Tutor profile: Giosue I.
Subject: Corporate Finance
What differentiates a simple capital structure versus a complex capital structure?
The key difference between a simple and complex capital structure has to do whether a firm's capital structure has convertible instruments, such as convertible debt and preferred equity that can exchanged for common stock. Identifying a company's capital structure is key to calculating the weighted-average cost of capital (WACC), which would be used to determine the value of a firm.
What are the key differences between NPV (Net Present Value) and IRR (Internal Rate of Return)?

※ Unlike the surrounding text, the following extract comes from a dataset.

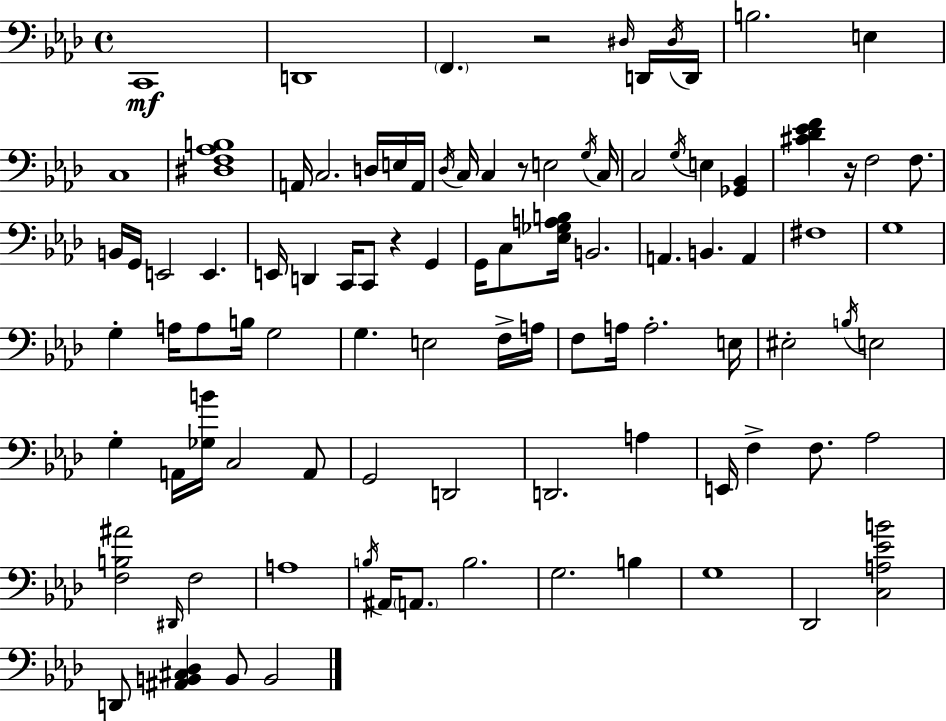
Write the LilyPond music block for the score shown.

The purpose of calculating NPV and IRR usually has to do with determining whether to undergo a capital project with the objective of determining whether the project will increase shareholder wealth. In determining whether to accept a project, projects with a positive NPV or an IRR that is greater than the required rate of return, "R", should be accepted. The key differences between IRR and NPV is that IRR is the rate of return where NPV = 0 and NPV is the value of cash values discounted by the required rate of return ("R").
What are the primary methods for determining the value of cost of goods sold (COGS) within a periodic inventory system?
It is important to note that the answer below is specifically for periodic inventory systems. Within periodic inventory systems, the amount of inventory available for sale and the cost of goods sold are determined at points in time, i.e. periodically. This is different than a perpetual inventory system whereby inventory available and cost of goods sold are known and accounted for at all times. A company employing periodic inventory then can use a few different approaches to determine the ending inventory of the period and cost of goods sold: Specific Identification, Weighted-Average Method, First-in, First-Out (FIFO), and Last-in, First-out (LIFO).